Starburst Cosmos DB connector#

The Starburst Cosmos DB connector uses the API for NoSQL to read data stored in Azure Cosmos DB for NoSQL.

The Starburst Cosmos DB connector only supports connecting to Azure Cosmos DB for NoSQL. If you are using Azure Cosmos DB for PostgreSQL, MongoDB, or Apache Cassandra, use the native PostgreSQL, MongoDB, or Cassandra connectors instead.

Note

The Starburst Cosmos DB connector is a public preview. Contact Starburst Support with questions or feedback.

Requirements#

To connect to Azure Cosmos DB for NoSQL, you need:

  • Azure access credentials with an attached policy to be able to read from CosmosDB.

  • Network access from the coordinator and workers to the Cosmos DB instance. By default this connection uses HTTPS over port 443.

  • A valid Starburst Enterprise license.

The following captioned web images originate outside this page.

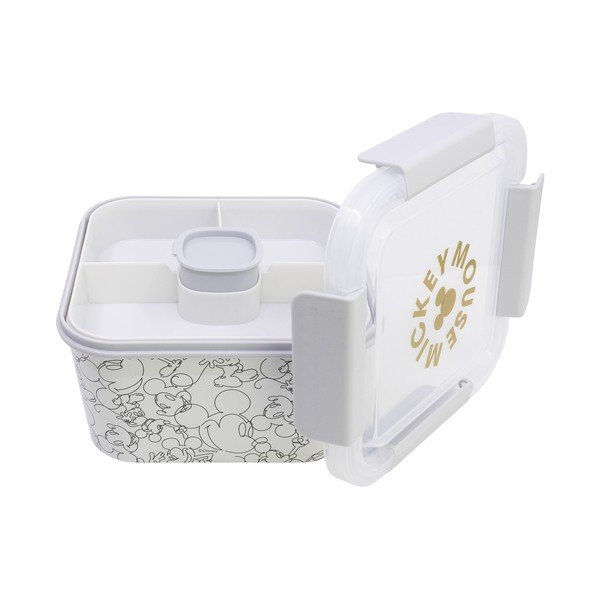 Biely plastový detský desiatový box Mickey Mouse – STOR-image-3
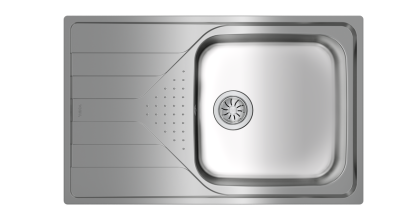 Кухонная мойка UNIVERSE 50 T-XP 1B 1D MAX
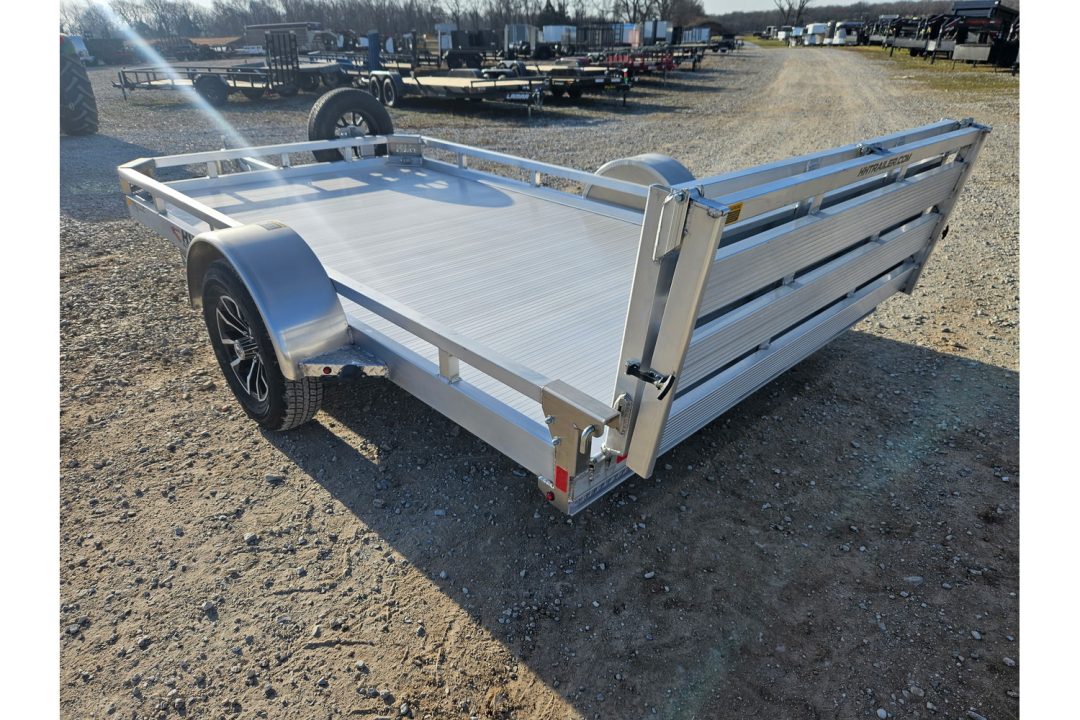 New 2026 H and H 76X12 SINGLE AXLE ALUMINUM LO-SIDE UTILITY W/BI FOLD GATE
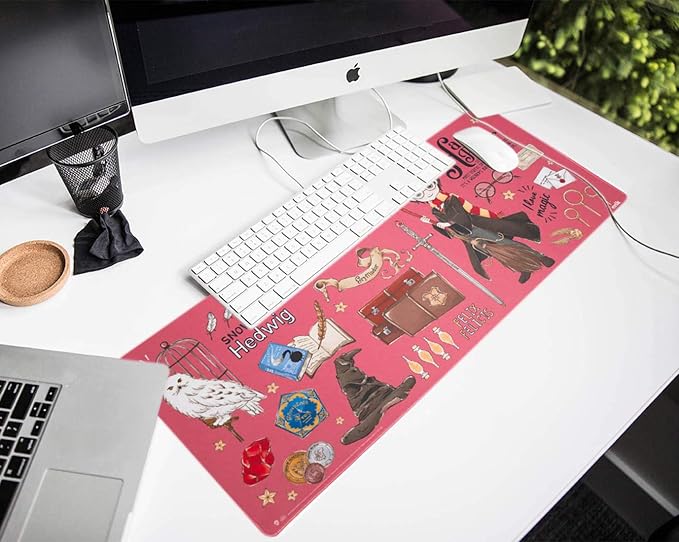 Grupo Erik XXL Mouse Pad Harry Potter Gifts | Gaming Desk Mat 31.5 x 13.8 inches Non-Slip Rubber Mat, Keyboard & Mouse Mat Large | Gaming Gifts Gamer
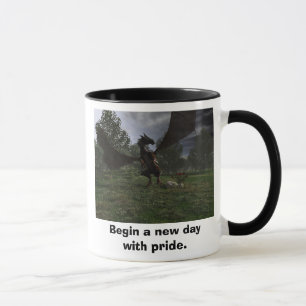 Caneca Comece um dia novo com o orgulho
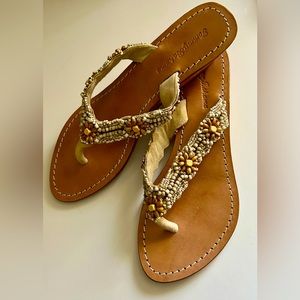 Tommy Bahama wood carved sandals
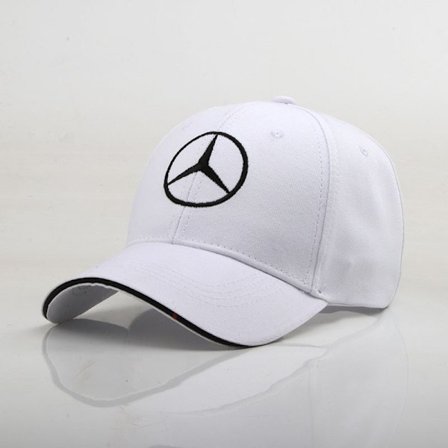 Benz original baseball cap, unisex, hvit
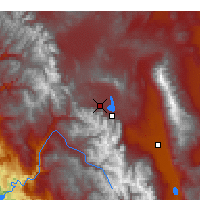 Nearby Forecast Locations - Mammoth Lakes - Map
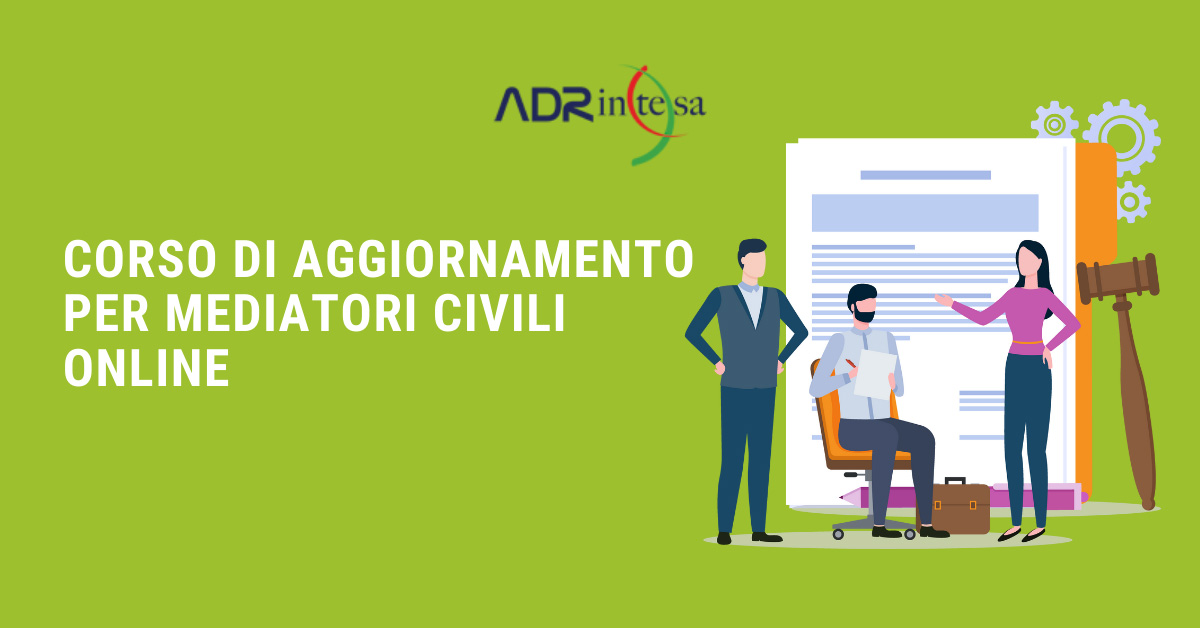 Corso di aggiornamento per mediatori civili online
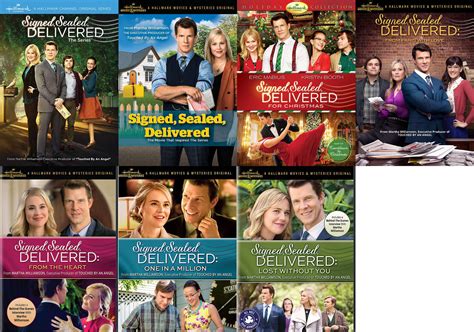 Signed Sealed Delivered Complete Hallmark Tv Series 6 Movies New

  • Data in Cosmos DB must be stored in Azure Cosmos DB for NoSQL.

Configuration#

Create the example catalog with a catalog properties file in etc/catalog named example.properties (replace example with your database name or some other descriptive name of the catalog) with the following contents:

connector.name=cosmosdb
cosmosdb.connection-url=https://ACCOUNT_NAME.documents.azure.com:443/
cosmosdb.connection-key=sample-key

Specify the connector.name property as cosmosdb. Configure the catalog using your Azure Cosmos DB connection URL and access key. The connection URL may be formatted differently from the example provided here.

SQL support#

The connector provides globally available and read operation statements to access data and metadata in Cosmos DB databases.

Type mapping#

Because Trino and Cosmos DB each support types that the other does not, this connector modifies some types when reading data. Data types may not map the same way in both directions between SEP and the data source. Refer to the following sections for type mapping in each direction.

Cosmos DB to Trino type mapping#

The connector maps Cosmos DB types to the corresponding Trino types following this table:

Cosmos DB to Trino type mapping#

Cosmos DB type

Trino type

Notes

Boolean

BOOLEAN

Double

DOUBLE

Cosmos DB uses IEEE 754 double precision for its number type. All numeric types in Cosmos DB are mapped to DOUBLE.

String

VARCHAR

Object

ROW

Array

ARRAY

Mapped instead to ROW if all elements in the array are of the same type.

No other types are supported.

Performance#

The connector includes a number of performance improvements, detailed in the following sections.

Pushdown#

The connector supports pushdown for Limit pushdown and some predicates. Predicate pushdown is only supported for equality (=) and range (<, >) expressions, on columns of type VARCHAR and BOOLEAN.